* Work task
Would you repeat the listing below exactly, with no pictures in it?

* Dataset content
::::::
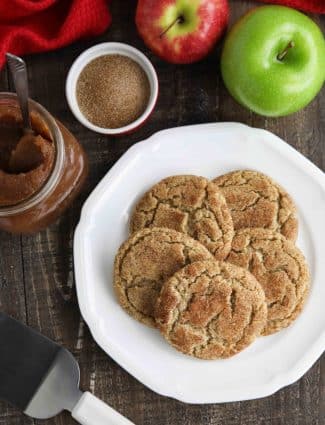 Crinkle topped apple butter cookies on plate with apple butter, cinnamon sugar, and fresh apples nearby.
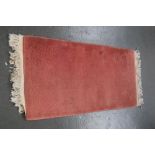 A pink runner rug with cream fringing 130cmL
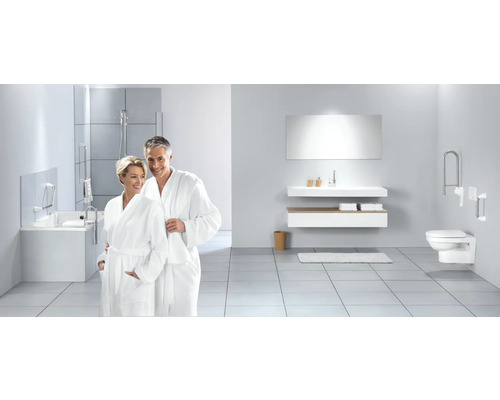 Barrierefreies Badezimmer mit Badewanne, Waschtisch und Toilette sowie einem Paar in Bademänteln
::::::
* Your solution
 Crinkle topped apple butter cookies on plate with apple butter, cinnamon sugar, and fresh apples nearby.
 A pink runner rug with cream fringing 130cmL
 Barrierefreies Badezimmer mit Badewanne, Waschtisch und Toilette sowie einem Paar in Bademänteln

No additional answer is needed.